Fib3-1 is fragments of fibulin-3 increased in sera of OA patients. Fib3-1 was quantified in guinea pig sera by competitive ELISA in triplicate with polyclonal rabbit antisera (AS88, Artialis, Belgium).

Results are shown in FIGS. 9 and 10. Rutin+curcumin treatment can decrease fibulin 3-1 levels in plasma. Fibulin 3-1 level in plasma can be positively correlated to OA score. This confirms that fib 3-1 is a relevant biomarker to OA onset and progression in guinea pig model and to evaluate efficacy of treatments.

The intra- and inter-assays CVs were lower than 10% and the dilution curves were parallel to the standard curve for both assays.

Results

The results (mean±SD) were calculated for each parameter. Following a normality test, a parametric ANOVA with Dunnett's post-test or Pearson correlation was performed on all the experiments. *p<0.05; **<0.01; ***p<0.001.

Control W4 Group E (n=5, Reference group) animals were euthanized at inclusion and didn't receive any intervention.
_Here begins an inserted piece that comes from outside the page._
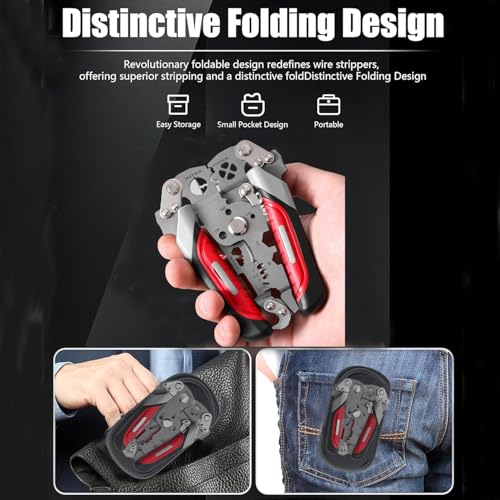 Image of 18 in 1 Foldable Wire Stripper, Multifunctional Folding Professional Wire Cutters, Multifunctional Wire Strippers Crimper Cable Cutter Pliers, Wire Stripper Tool (Red)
Control W35 Group B (n=15) received standard diet during 31-weeks.

A W35 Group A (n=15) received a daily dose of oleuropein during 31-weeks.

C W35 Group C (n=15) received a daily dose of rutin during 31-weeks.

D W35 Group D (n=15) received a daily dose of rutin and curcumin during 31-weeks.

Oleuropein, rutin and rutin+curcumin treatments can decrease OA score in guinea pigs by different mechanisms.